§ **PROBLEM DETAILS**
Please reproduce all entries word for word and omit their pictures.

+---+

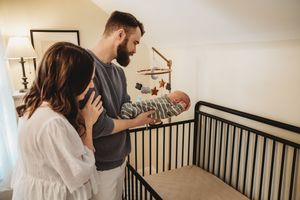 Parents admiring their newborn baby in a nursery crib, with a mobile hanging above in a cozy home setting.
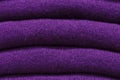 Stack of trend Ultra Violet woolen sweaters close-up, texture, background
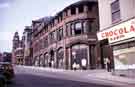 View: w02771 Norfolk Street at junction with Change Alley showing (left) (Nos. 36-38), Thomas A. Ashton Ltd., engineers, and (right) No. 18 Thorntons Chocolate Kabin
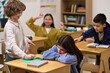 © pressmaster - Caucasian girl sitting at desk with head down being bullied by group of classmates including Caucasian boy, Asian girl, and Caucasian boy pointing and laughing in classroom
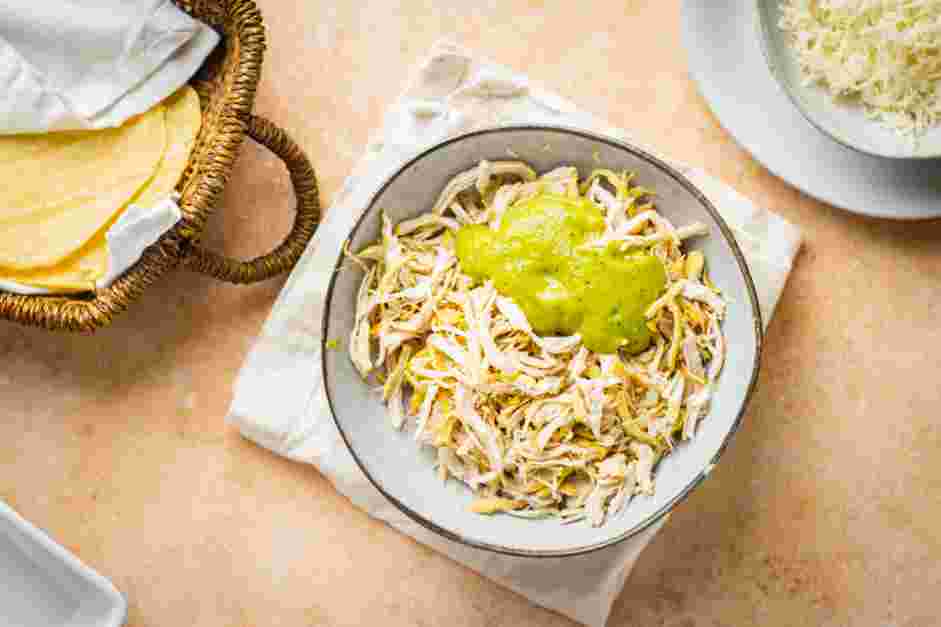 Enchiladas Verdes Recipe: Add about ¾ cup of the salsa verde to the shredded chicken and set the remaining sauce aside.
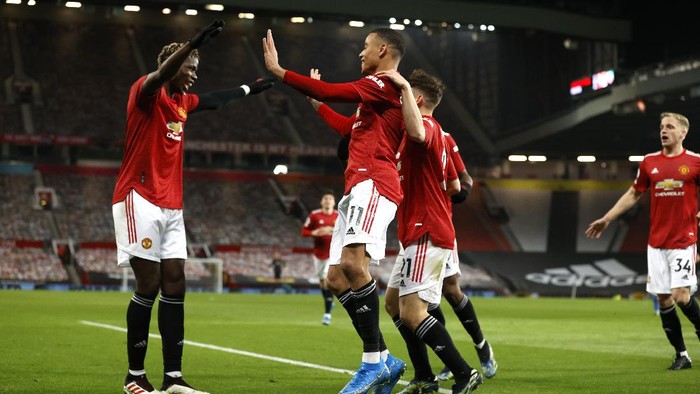 Manchester Uniteds Mason Greenwood, centre, celebrates after scoring his sides second goal during the English Premier League soccer match between Manchester United and Brighton and Hove Albion at Old Trafford, Manchester, England, Sunday, Apr. 4, 2021. (Phil Noble/Pool via AP)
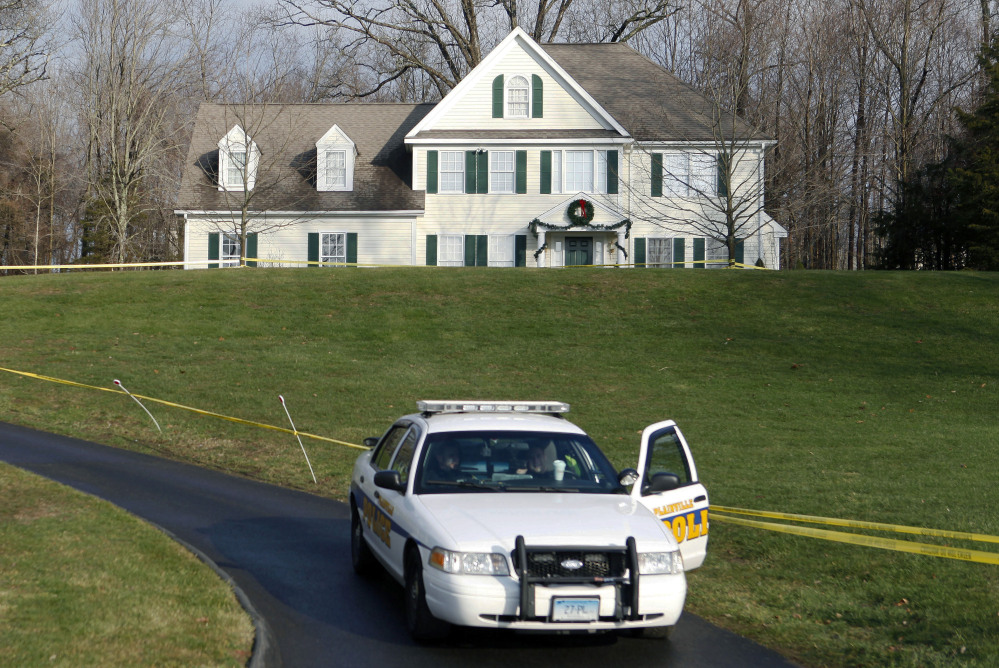 Crime scene tape surrounds the former home of Nancy Lanza, who was killed there by her son Adam Lanza before he forced his way into Sandy Hook Elementary School on Dec. 14, 2012, and killed 26 children and adults. Some Newtown residents say they want the home torn down and the property turned into a park or nature preserve.
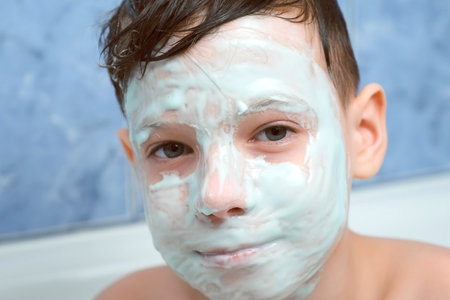 Portrait of child teen boy with alginate mask on face looking at camera and smiling. Spa beauty treatment at home in bathroom. Teen problem skin, wellness, skincare and self love concept.の写真素材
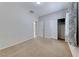 This is a cozy bedroom featuring neutral carpeting and a closet with sliding doors at 6116 Tokara Ave, Las Vegas, NV 89122
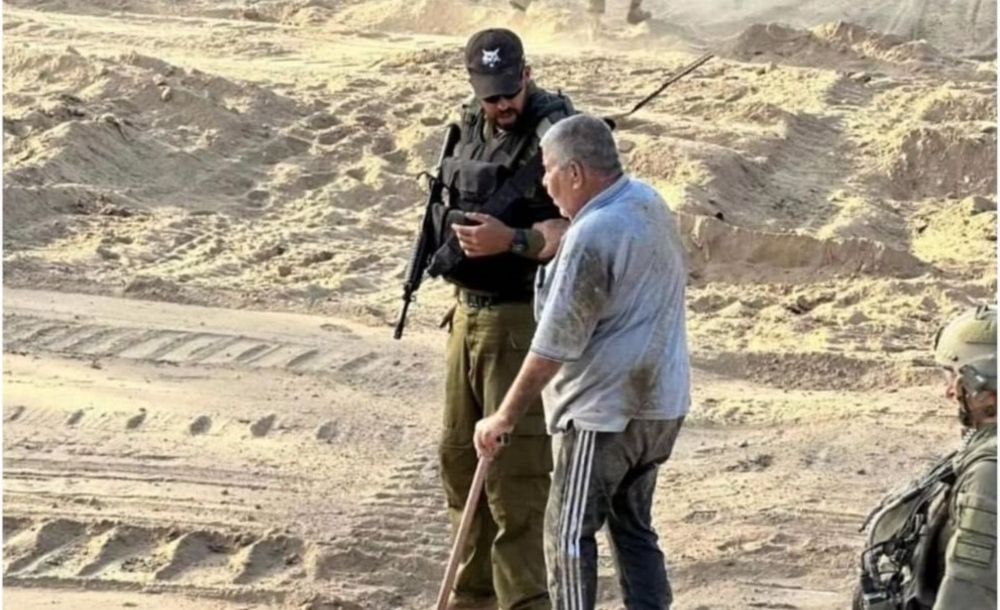 Bashir Hajji's granddaughter says he was shot in the head and back after a photo showing soldiers helping him was taken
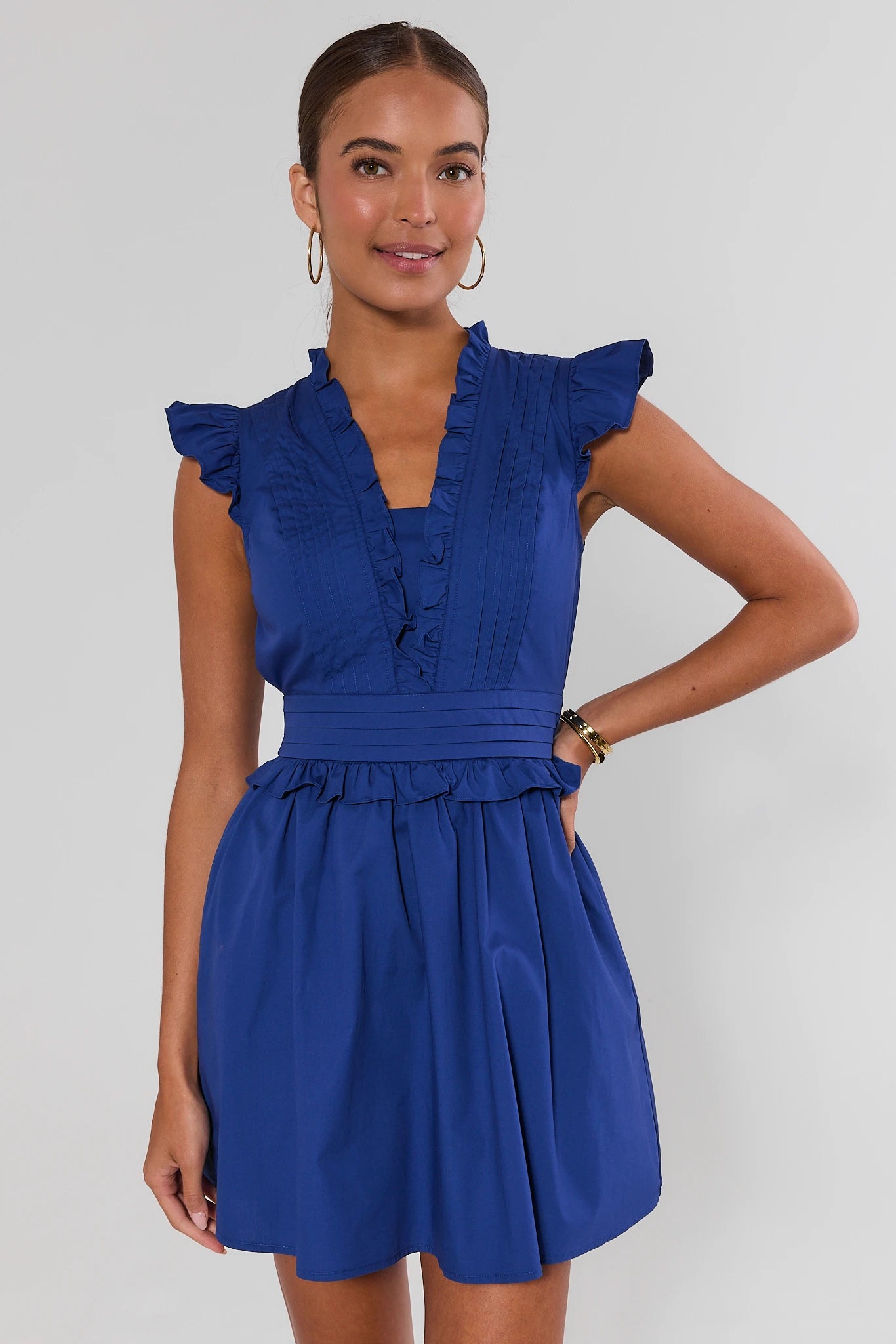 A woman modeling a royal blue sleeveless mini dress with ruffled trim, cap sleeves, a gathered waist, and a flared skirt against a light gray studio background.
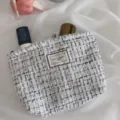 Elegant tweed makeup bag for women, stylish portable cosmetic pouch with large capacity storage. - White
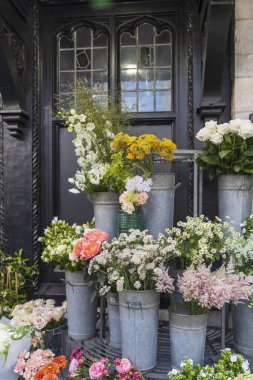 Renkli çiçeklerden ve yeşilliklerden oluşan geniş bir çeşitlilik, arka planda dekoratif bir pencere bulunan bir çiçekçi dükkanının dışındaki galvanize metal kovalarda düzenlenir..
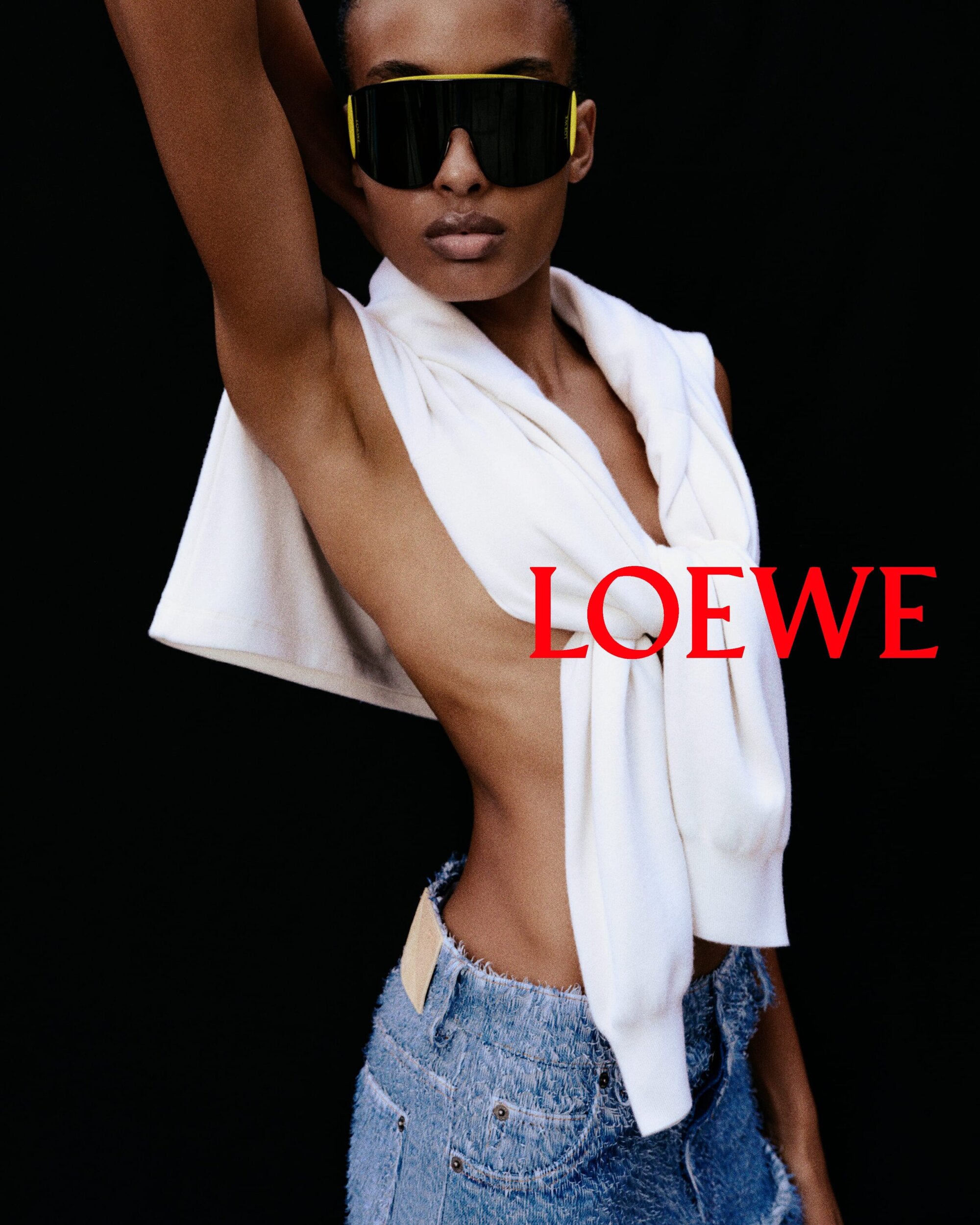 Model wearing oversized black sunglasses and a white sweater tied around shoulders with denim shorts against black backdrop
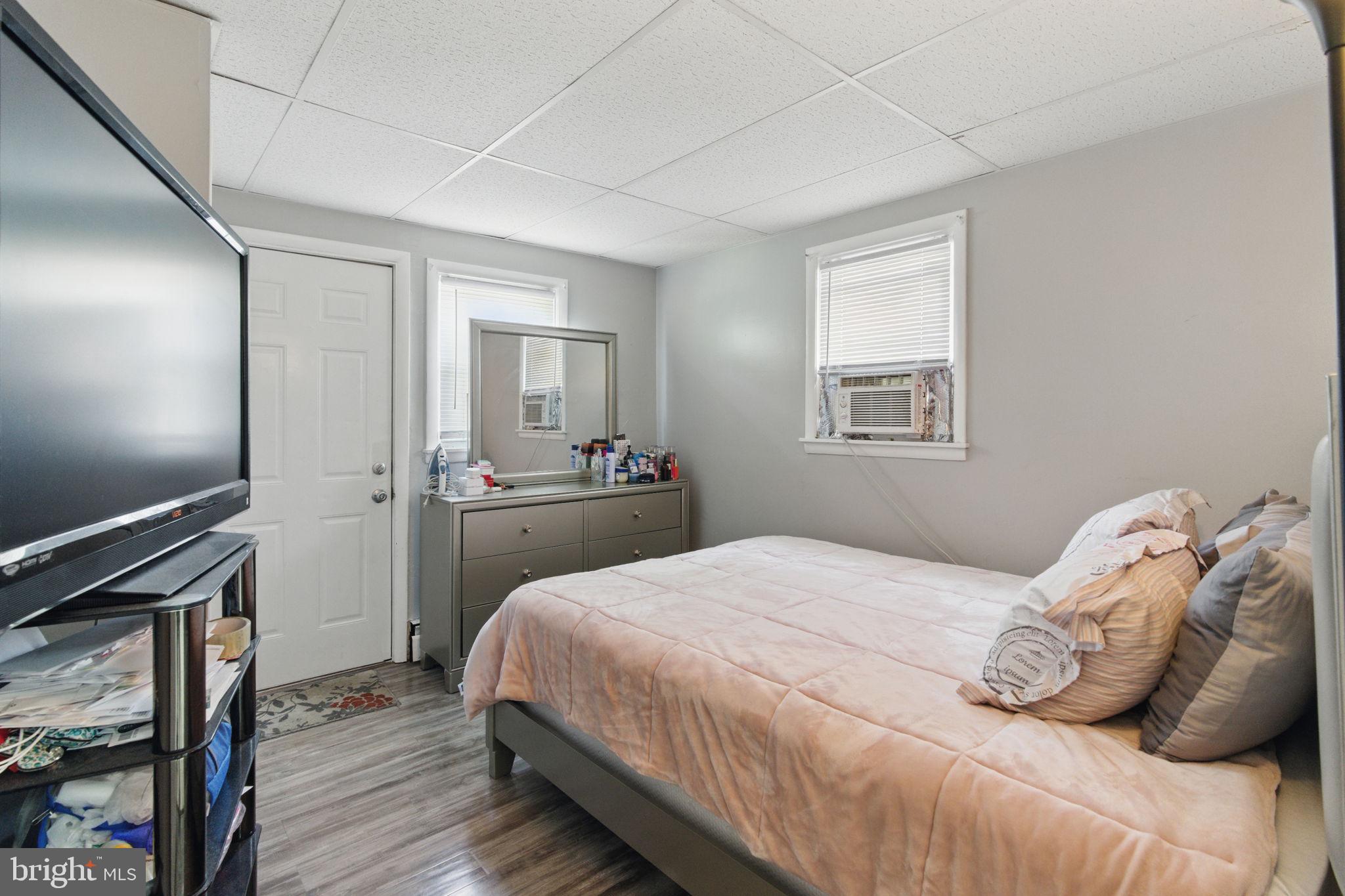 4508 Post Road Marcus Hook, PA 19061 - Photo 17 of 38 a bedroom with a bed and a tv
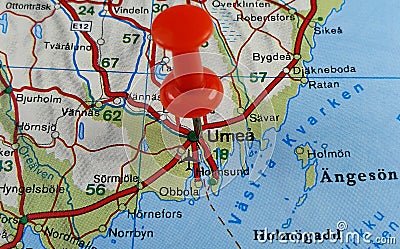 Closeup shot of a world map with a red pushpin pointing the city of Umea in Sweden Stock Photo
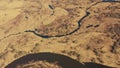 Aerial View Curved River In Early Spring Landscape. River bends and dry grass landscape. Top View Of Beautiful European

+---+

§ **TASK RESULT**
 Parents admiring their newborn baby in a nursery crib, with a mobile hanging above in a cozy home setting.
 Stack of trend Ultra Violet woolen sweaters close-up, texture, background
 View: w02771 Norfolk Street at junction with Change Alley showing (left) (Nos. 36-38), Thomas A. Ashton Ltd., engineers, and (right) No. 18 Thorntons Chocolate Kabin
 © pressmaster - Caucasian girl sitting at desk with head down being bullied by group of classmates including Caucasian boy, Asian girl, and Caucasian boy pointing and laughing in classroom
 Enchiladas Verdes Recipe: Add about ¾ cup of the salsa verde to the shredded chicken and set the remaining sauce aside.
 Manchester Uniteds Mason Greenwood, centre, celebrates after scoring his sides second goal during the English Premier League soccer match between Manchester United and Brighton and Hove Albion at Old Trafford, Manchester, England, Sunday, Apr. 4, 2021. (Phil Noble/Pool via AP)
 Crime scene tape surrounds the former home of Nancy Lanza, who was killed there by her son Adam Lanza before he forced his way into Sandy Hook Elementary School on Dec. 14, 2012, and killed 26 children and adults. Some Newtown residents say they want the home torn down and the property turned into a park or nature preserve.
 Portrait of child teen boy with alginate mask on face looking at camera and smiling. Spa beauty treatment at home in bathroom. Teen problem skin, wellness, skincare and self love concept.の写真素材
 This is a cozy bedroom featuring neutral carpeting and a closet with sliding doors at 6116 Tokara Ave, Las Vegas, NV 89122
 Bashir Hajji's granddaughter says he was shot in the head and back after a photo showing soldiers helping him was taken
 A woman modeling a royal blue sleeveless mini dress with ruffled trim, cap sleeves, a gathered waist, and a flared skirt against a light gray studio background.
 Elegant tweed makeup bag for women, stylish portable cosmetic pouch with large capacity storage. - White
 Renkli çiçeklerden ve yeşilliklerden oluşan geniş bir çeşitlilik, arka planda dekoratif bir pencere bulunan bir çiçekçi dükkanının dışındaki galvanize metal kovalarda düzenlenir..
 Model wearing oversized black sunglasses and a white sweater tied around shoulders with denim shorts against black backdrop
 4508 Post Road Marcus Hook, PA 19061 - Photo 17 of 38 a bedroom with a bed and a tv
 Closeup shot of a world map with a red pushpin pointing the city of Umea in Sweden Stock Photo
 Aerial View Curved River In Early Spring Landscape. River bends and dry grass landscape. Top View Of Beautiful European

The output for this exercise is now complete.